Would you please set down, word for word, the lines from the one with "Next, we print" through the final line of the data below, omitting any pictures?

#### Collected data
=-=-=

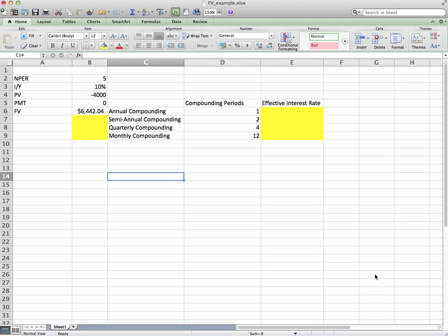Good morning YouTubers and students. Today we're going to do more or less a part two of our previous video. The previous video was finding the future value of a dollar. If you haven't seen that video, I encourage you to watch it before this one, as this video is going to build upon that.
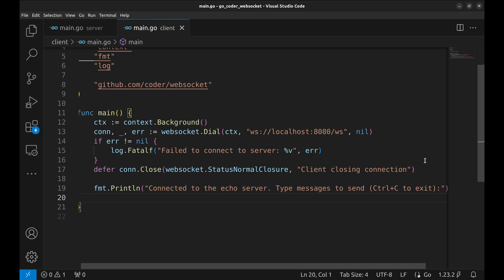Next, we print a friendly message to the console. This lets the user know the client is ready to send messages.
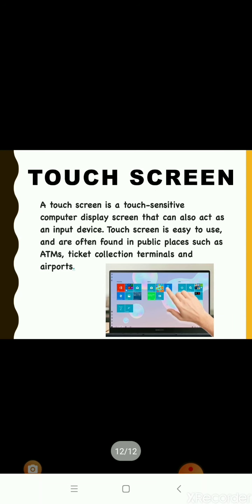A touch screen is a touch-sensitive computer display screen that can also act as an input device. Touch screens are easy to use and are often found in public places such as ATMs, ticket collection terminals, and airports.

=-=-=

#### Response for this exercise
Next, we print a friendly message to the console. This lets the user know the client is ready to send messages.
A touch screen is a touch-sensitive computer display screen that can also act as an input device. Touch screens are easy to use and are often found in public places such as ATMs, ticket collection terminals, and airports.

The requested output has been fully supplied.